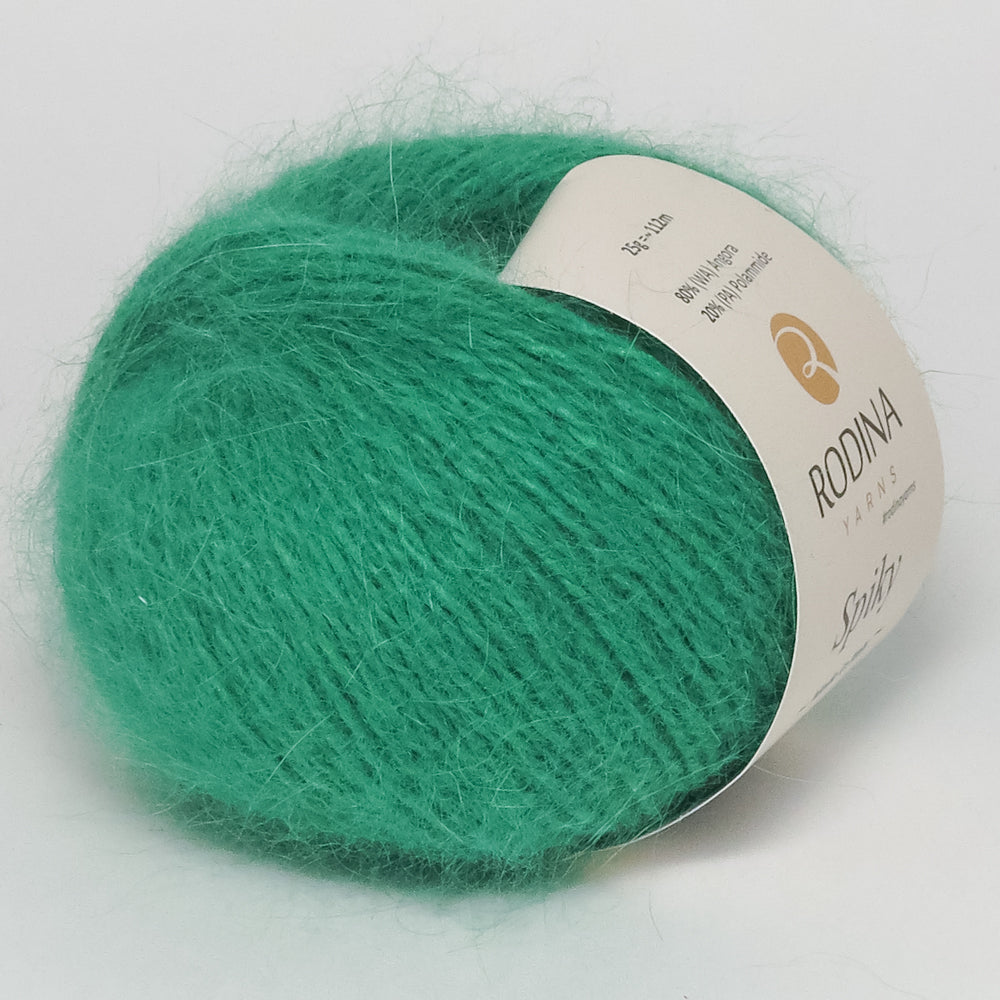 ნართი Rodina Yarns ANGORA SILK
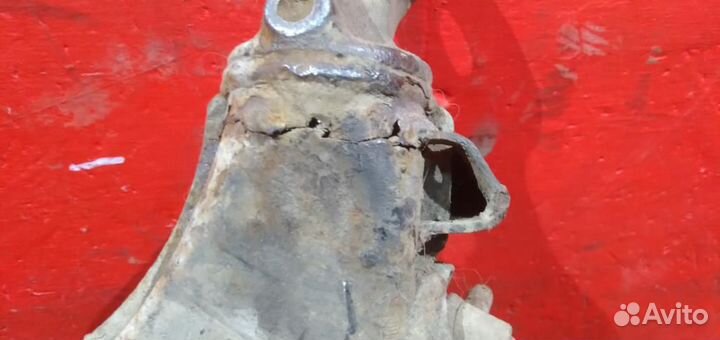 Мерседес Е280 W210 рычаг передний левый дефект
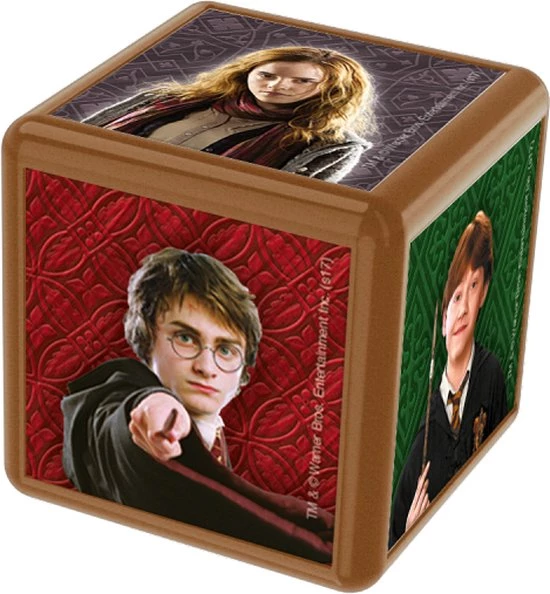 Winning Moves Top Trumps Match Harry Potter 5 Winning Moves Top Trumps Match Harry Potter - Afbeelding 5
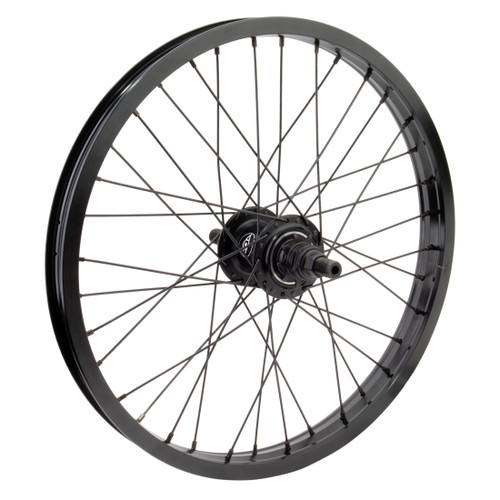Alienation Black Sheep 18in RIM for BMX and Mountain Bike, Lightweight Alloy 742188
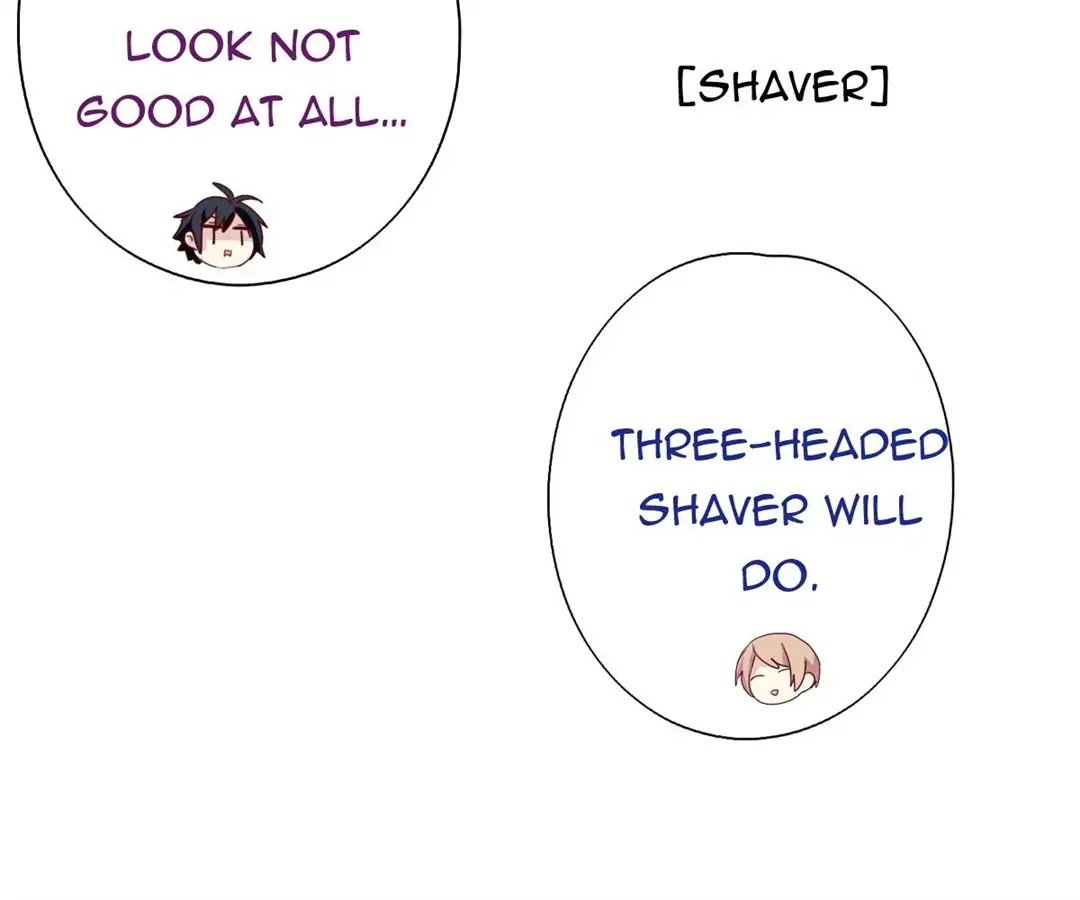 Handsome and Cute Chapter 13 page 11 - Chapter 13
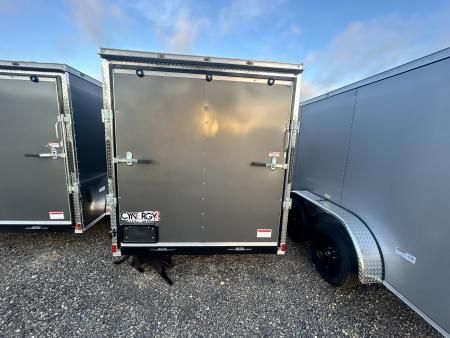 New 2026 Cynergy 2 6x12TA Cargo / Enclosed Trailer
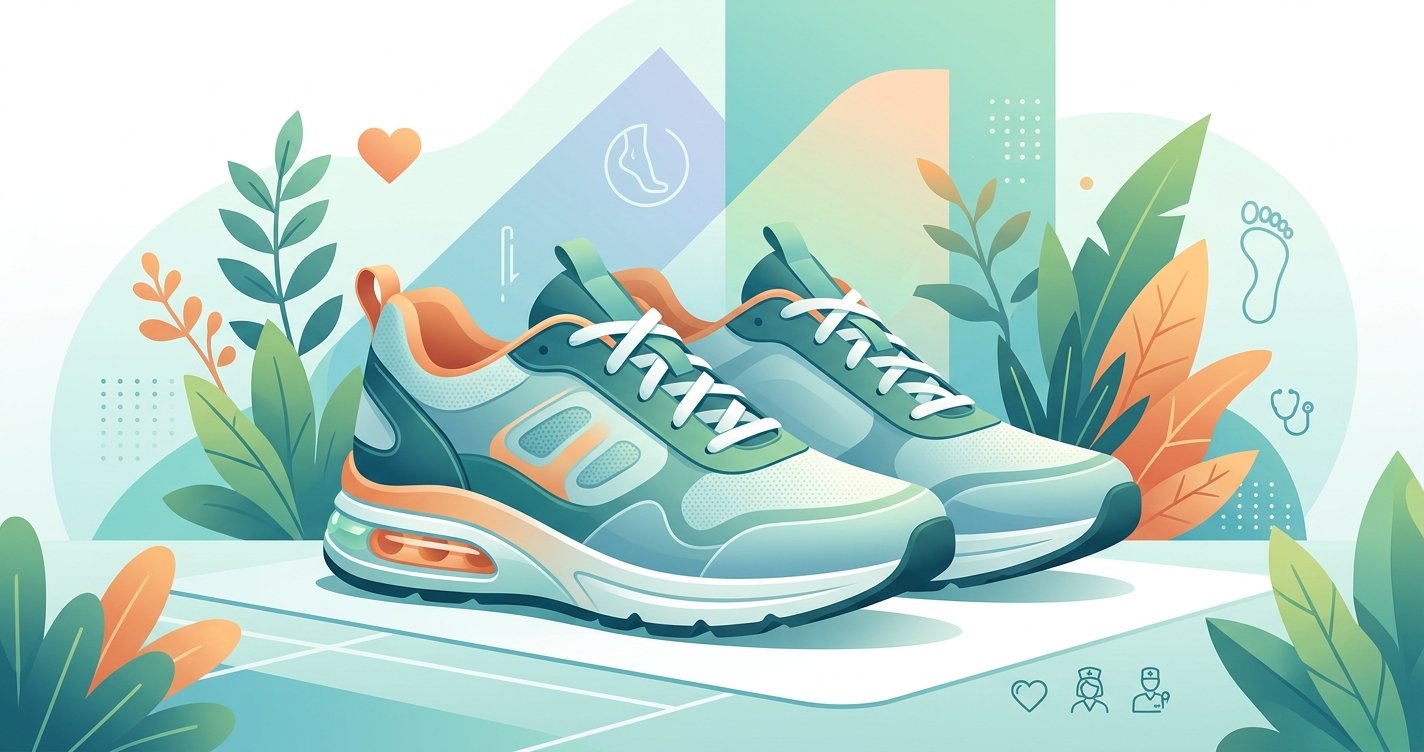 Your Feet Deserve Better: Finding the Perfect Ergonomic Shoes for Standing Professions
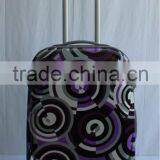 4 Wheels Hard Shell Trolley Case thumbnail-4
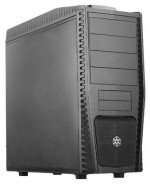 Корпус SilverStone PS05B Black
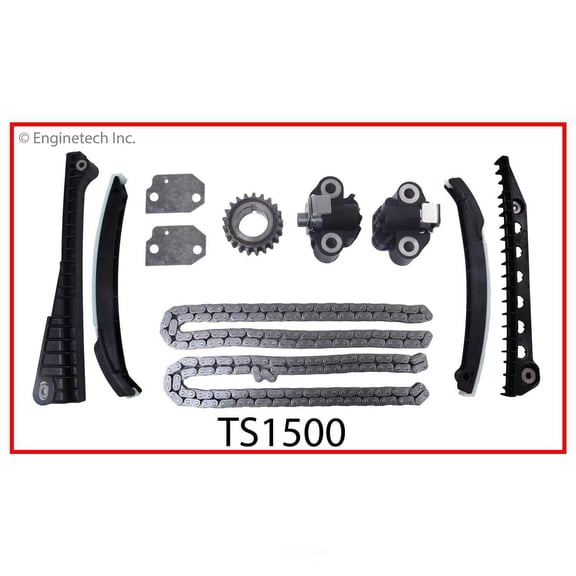 Enginetech TS1500 Engine Timing Set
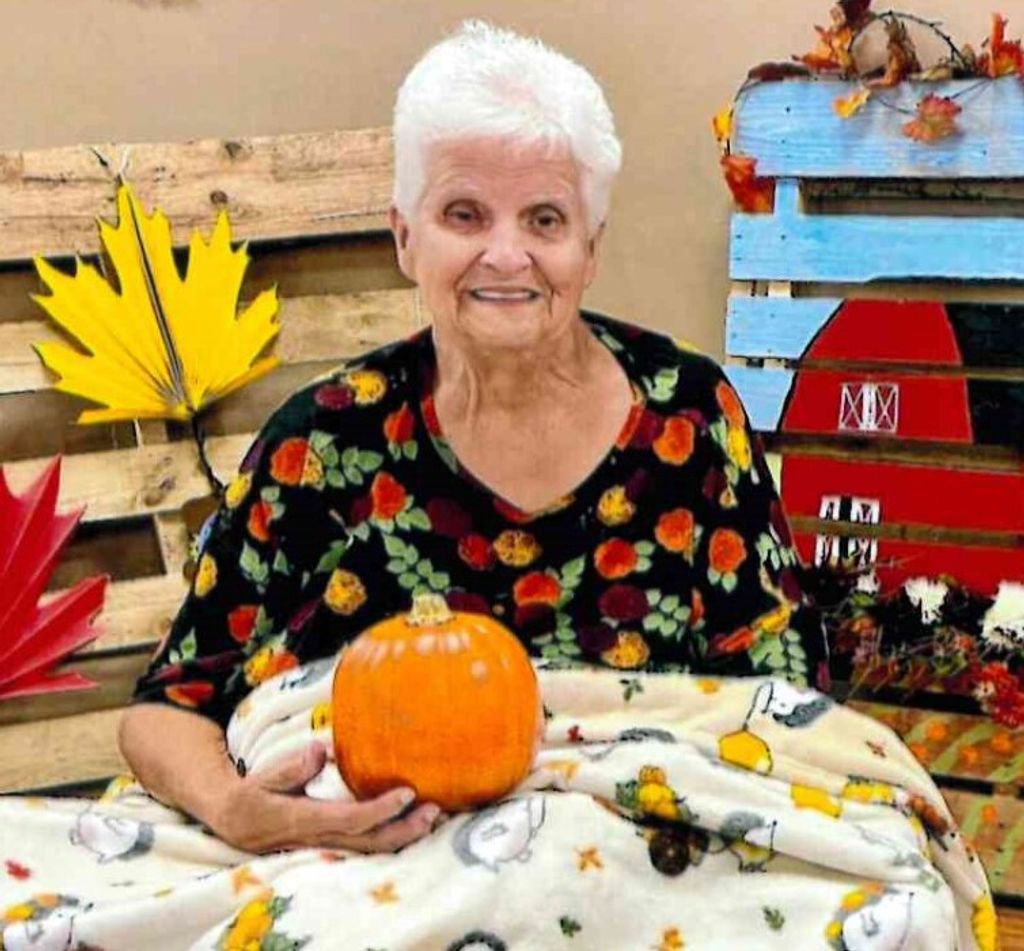 Mary Ruth (Edwards)  Goforth Profile Photo
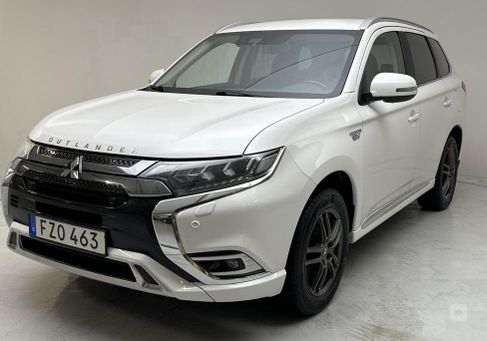 Mitsubishi Outlander, 2019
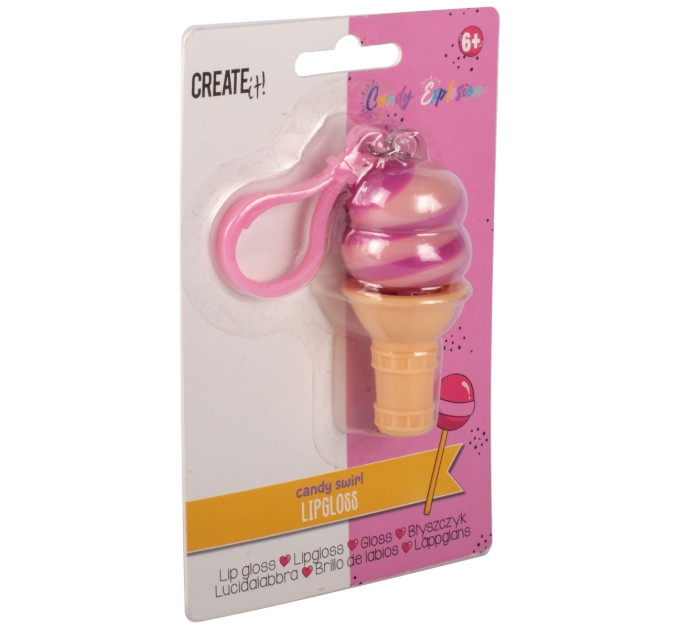 Create it! Блиск для губ Create It! CANDY Морозиво-ріжок в асортименті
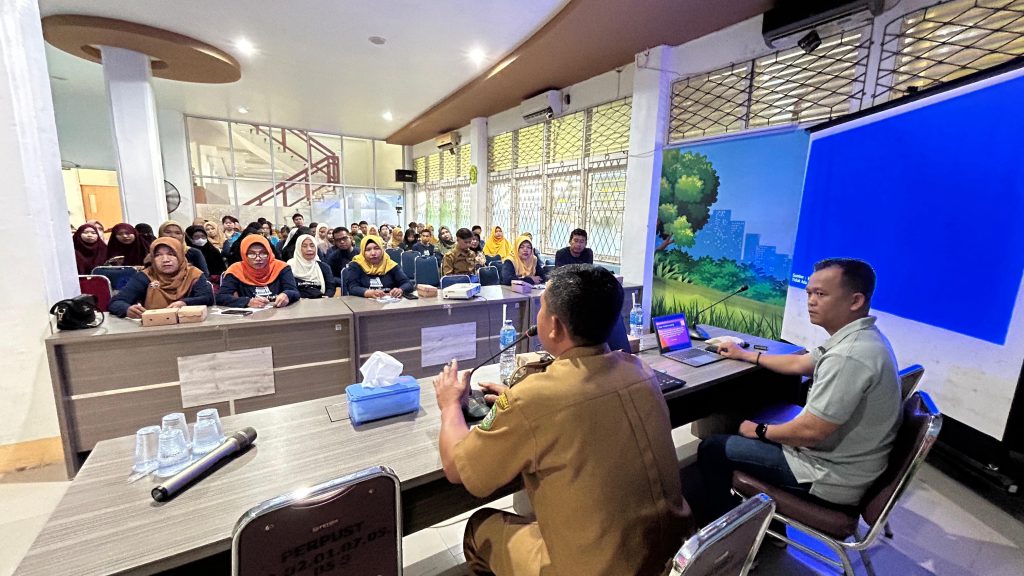 Guru di Kota Singkawang Dibekali Teknik Membaca Nyaring, Dorong Minat Baca Anak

— HOW TO COMPLETE THIS TASK —
Your copy should be the entries retyped exactly, with no images in it.

— TASK SOLUTION —
 ნართი Rodina Yarns ANGORA SILK
 Мерседес Е280 W210 рычаг передний левый дефект
 Winning Moves Top Trumps Match Harry Potter 5 Winning Moves Top Trumps Match Harry Potter - Afbeelding 5
Alienation Black Sheep 18in RIM for BMX and Mountain Bike, Lightweight Alloy 742188
 Handsome and Cute Chapter 13 page 11 - Chapter 13
 New 2026 Cynergy 2 6x12TA Cargo / Enclosed Trailer
 Your Feet Deserve Better: Finding the Perfect Ergonomic Shoes for Standing Professions
 4 Wheels Hard Shell Trolley Case thumbnail-4
 Корпус SilverStone PS05B Black
 Enginetech TS1500 Engine Timing Set
 Mary Ruth (Edwards)  Goforth Profile Photo
 Mitsubishi Outlander, 2019
 Create it! Блиск для губ Create It! CANDY Морозиво-ріжок в асортименті
 Guru di Kota Singkawang Dibekali Teknik Membaca Nyaring, Dorong Minat Baca Anak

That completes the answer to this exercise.